Bernie Sanders Wants To Guarantee Jobs For All Americans

Senator Bernie Sanders wants the federal government to guarantee a job paying $15 an hour and health benefits for any American who “wants or needs one,” reports the Washington Post.

At the moment, it is not clear how the Vermont Independent’s plan would be financed. Historically, Republicans have opposed a federal jobs guarantee, arguing that such a plan would be expensive and impractical.

If created, Sanders’ program would fund hundreds of projects across the country addressing issues such as infrastructure, care giving, the environment, education and other goals.

Early drafts of the plan propose that Americans also would get job training for positions in which they might have limited experience.

Representatives from Sanders’ office said they had not done a cost estimate for the plan or decided how it would be funded. They say that they were still crafting the proposal.

Senator Kristen Gillibrand (D-NY) recently tweeted about the subject, writing that “if Republicans could give $1.5 trillion in tax cuts to corporations and the wealthiest among us, why can’t we invest a similar amount in a guaranteed jobs plan for regular Americans who are unemployed and willing to work to better their local community?”

The push moves away from President Obama’s use of public-private partnerships and toward government incentives to reshape private markets. The move clearly embraces instead a full government intervention in the economy.

Unemployment is already at historic lows, but critics argue that structural unemployment — the mismatch between skills and opportunity — and low pay remain huge obstacles to millions of Americans.

For instance, many employed people today rely on welfare to get by in the expensive cities where jobs exist.

‘Economically illiterate’

Job guarantee advocates claim that there plan would increase wages and would also make the work force more efficient by driving up competition. Supporters add that it would reduce racial inequality.

Sanders’ plan would create 12 districts in the United States that would foster job plans among municipalities, states, and American Indian tribal governments.
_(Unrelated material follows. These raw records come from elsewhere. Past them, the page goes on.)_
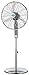Produktbild Prem - I- Air 16 "(40cm) Chrome Pedestal Ventilator mit Fernbedienung
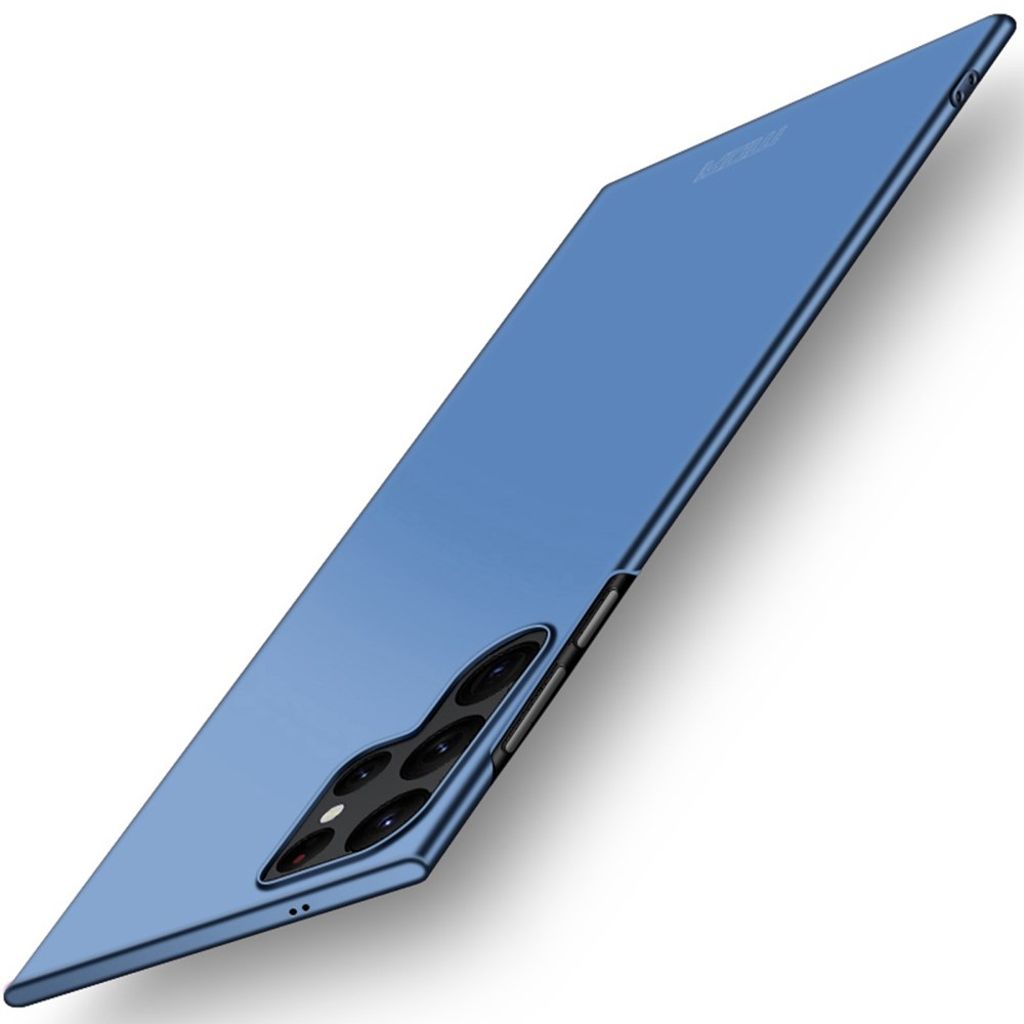 MOFI Samsung Galaxy S24 Ultra case - Blue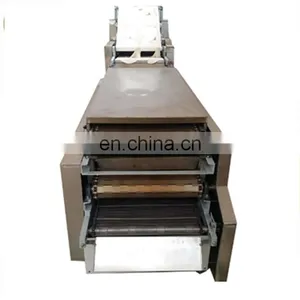 Commercial Automatic Pita Tortilla Bread Production Line thumbnail-3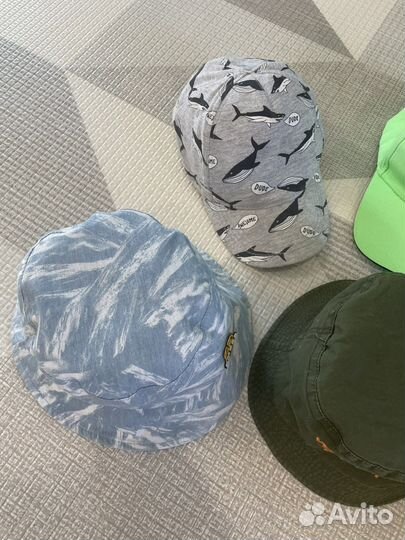 Бейсболка, кепка, панамка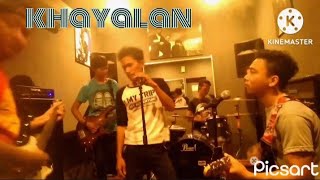 khayalan @rizky uje chanel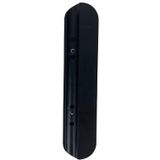 Armleuning Vermeiren Rolstoel Bobby/Jazz S50 - Zwart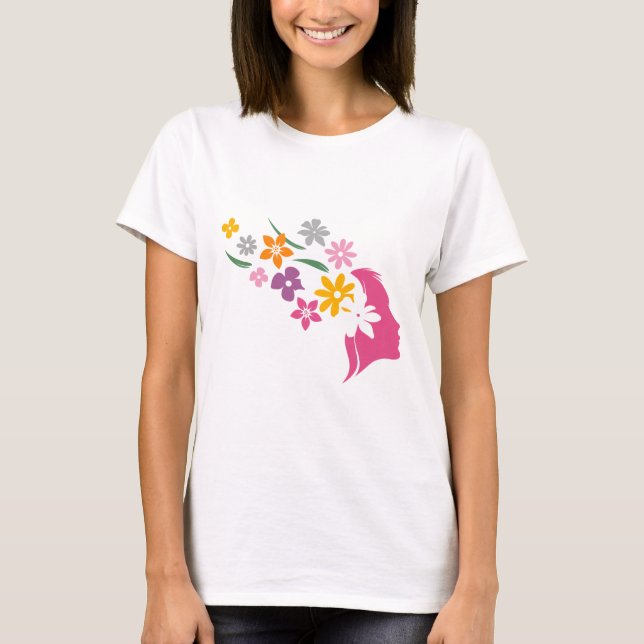 Beauty T-Shirt (Front)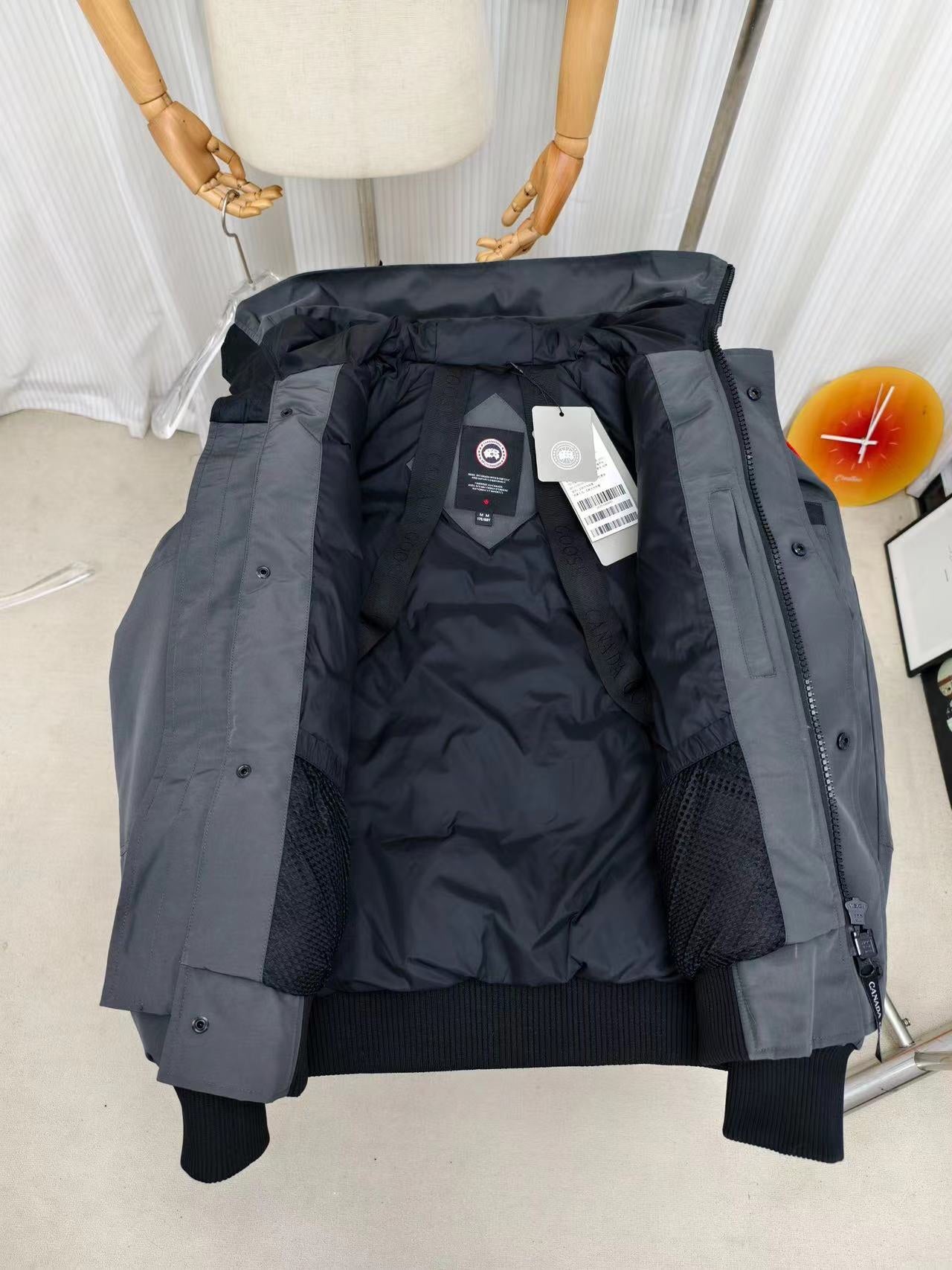 Canada GooseThe Chilliwag Pilot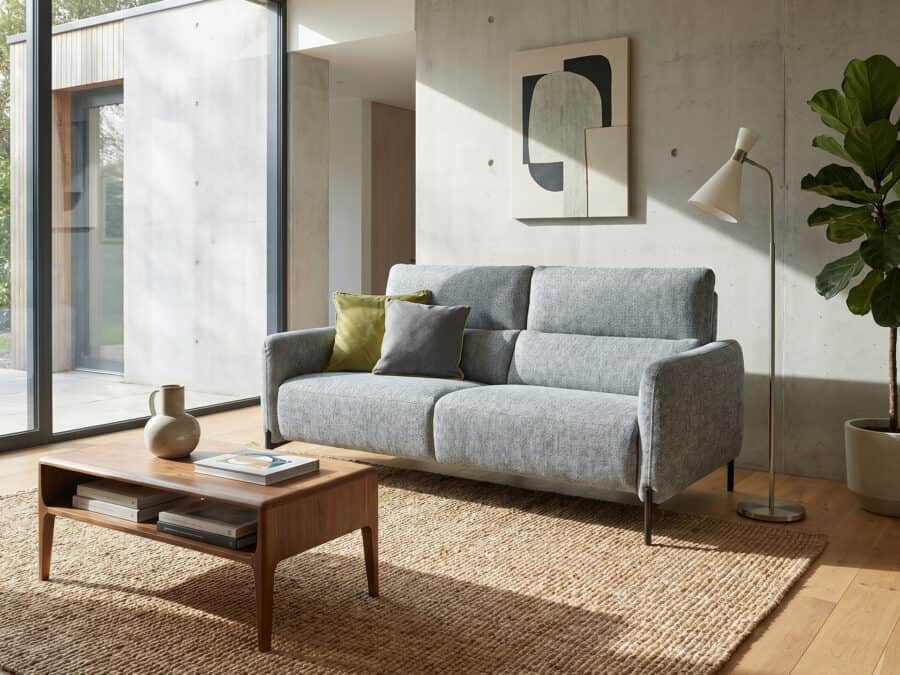 Natuzzi Editions Bruxelles Sofa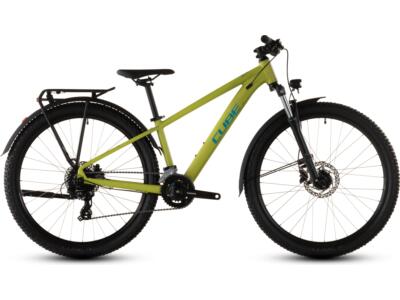 Cube Acid 260 Disc FE lizard´n´blue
Those plans would then pass to the U.S. Labor Department for final approval.

Training centers would connect workers with jobs and new projects.

Despite the positive goals of the plan, some economists are not sure the idea is realistic. Adam Ozimek of Moody’s Analytics, for instance, called Sanders’ program “ridiculous and economically illiterate.”
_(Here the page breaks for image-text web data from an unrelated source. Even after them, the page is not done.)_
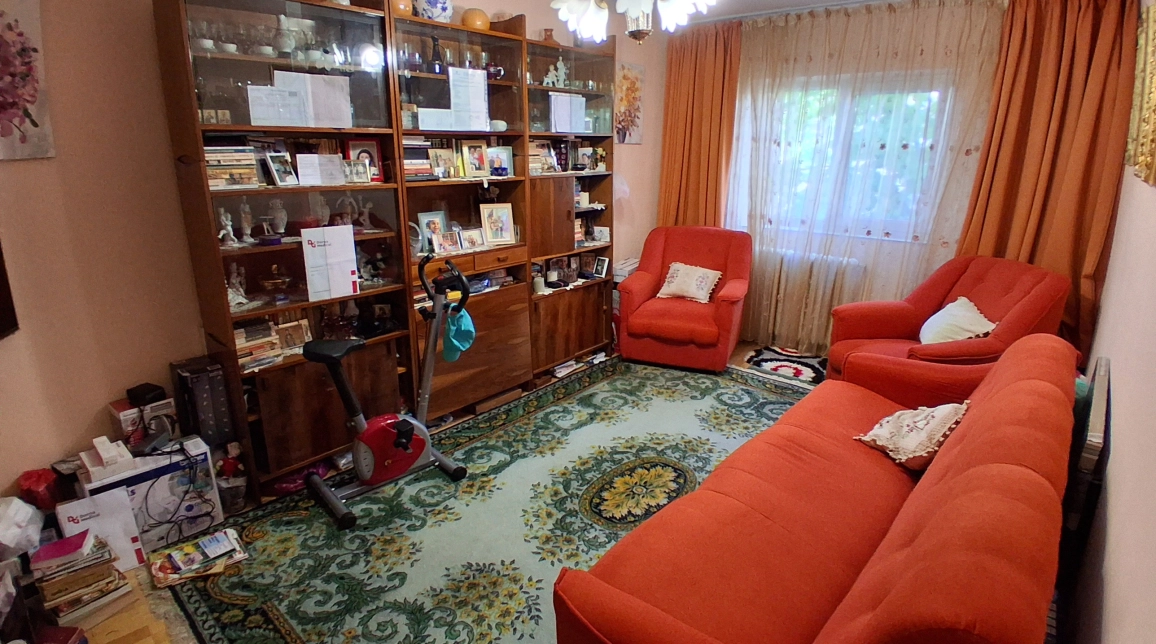 Oferta Apartament, 3 camere semidecomandat, 60 mp, Canta, de vanzare,  PROFI imagine 1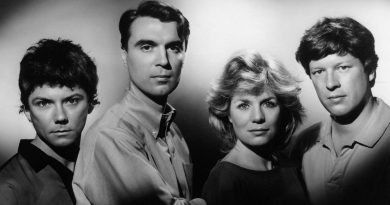 Talking Heads - Once in a Lifetime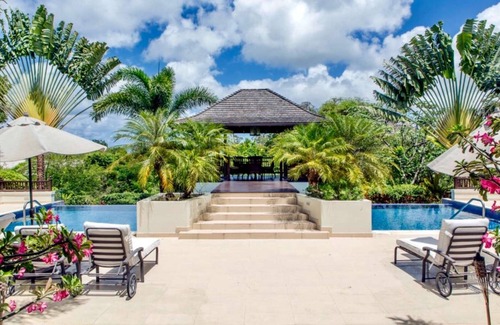 Sandy Lane Villa | Beautiful Alila Luxury villa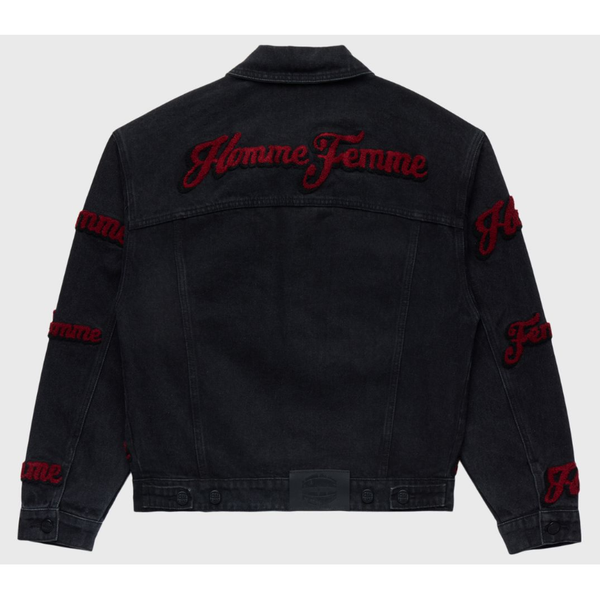 Homme Femme Newport Denim Jacket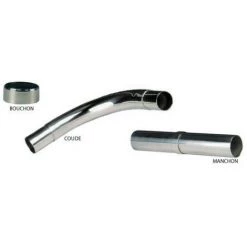 ASTRALPOOL Bouchon Extrémité Main Courante Ø43mm -ASTRALPOOL Soldes 7191239 4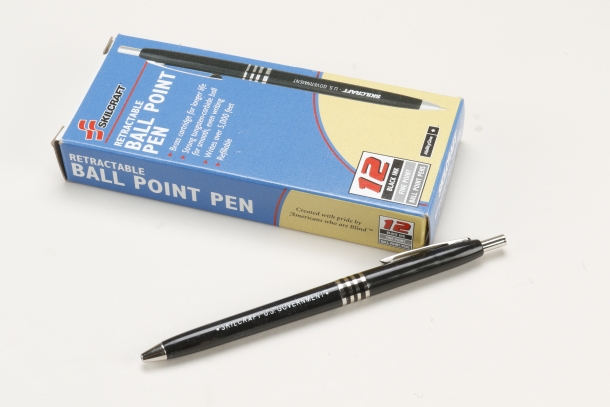 コラム アメリカ軍で使われる文具 Skilcraftのボールペン ニュース アームズマガジンウェブ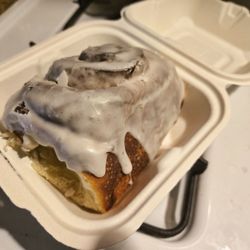 Cinnamon Roll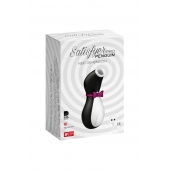 Вакуум-волновой бесконтактный стимулятор клитора Satisfyer Pro Penguin Next Generation - Satisfyer в Великом Новгороде Вакуум-волновой бесконтактный стимулятор клитора Satisfyer Pro Penguin Next Generation - Satisfyer
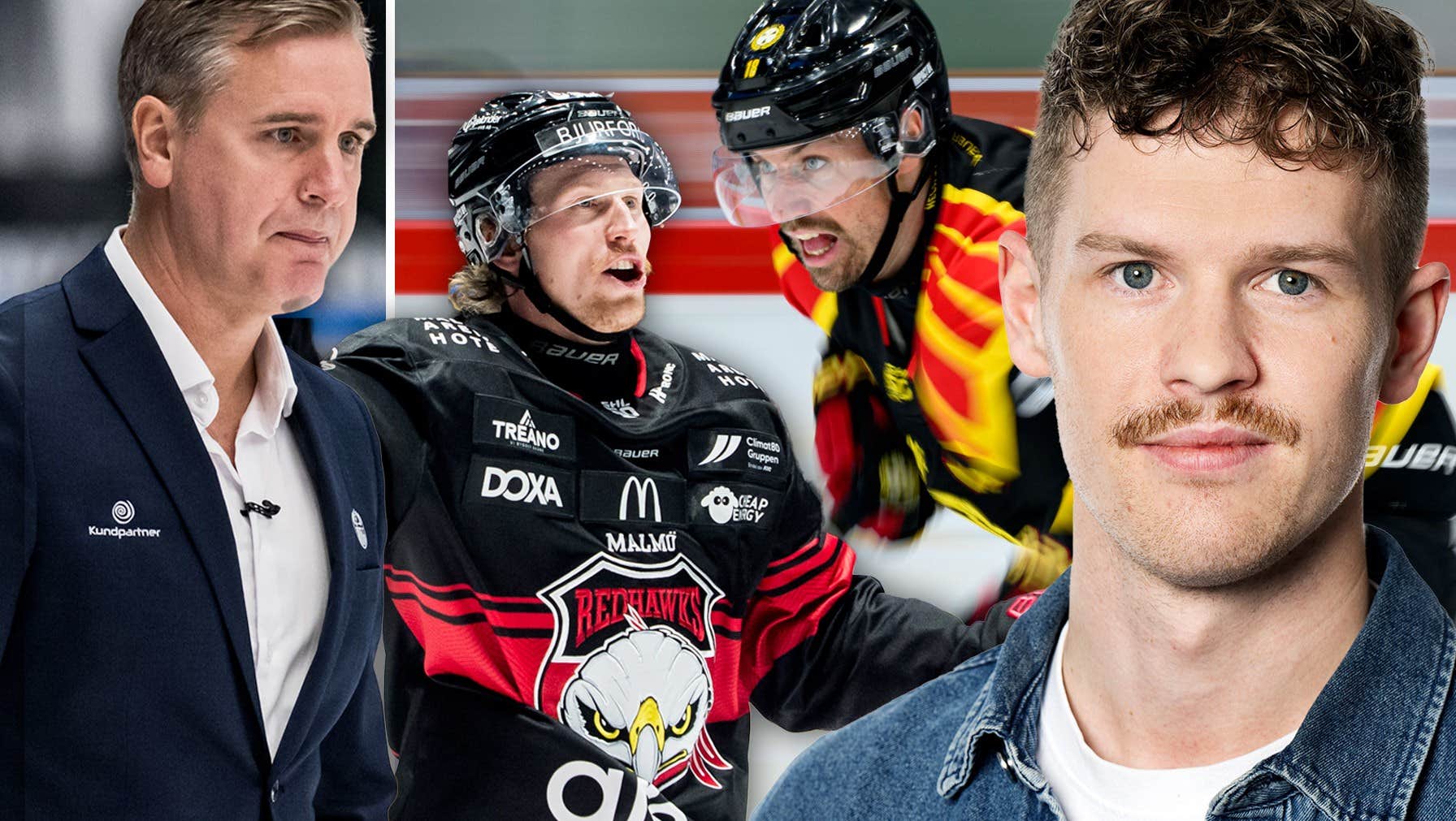 Hockeyanalysen ✓ Går miste om drömvärvningen? ✓ Rödins nästa avtal ✓ ”Börjar bli löjligt” | SHL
Aside from the economics, there is very little political chance that this kind of program could come up in a GOP-controlled Congress. President Trump likely would veto it in any case.

Rather, floating the idea now shows that the progressive Sanders wing of the Democratic Party is moving on after the 2016 debacle. Midterm elections are nearing, and jobs, pay and healthcare could be a major theme in the 2020 presidential race.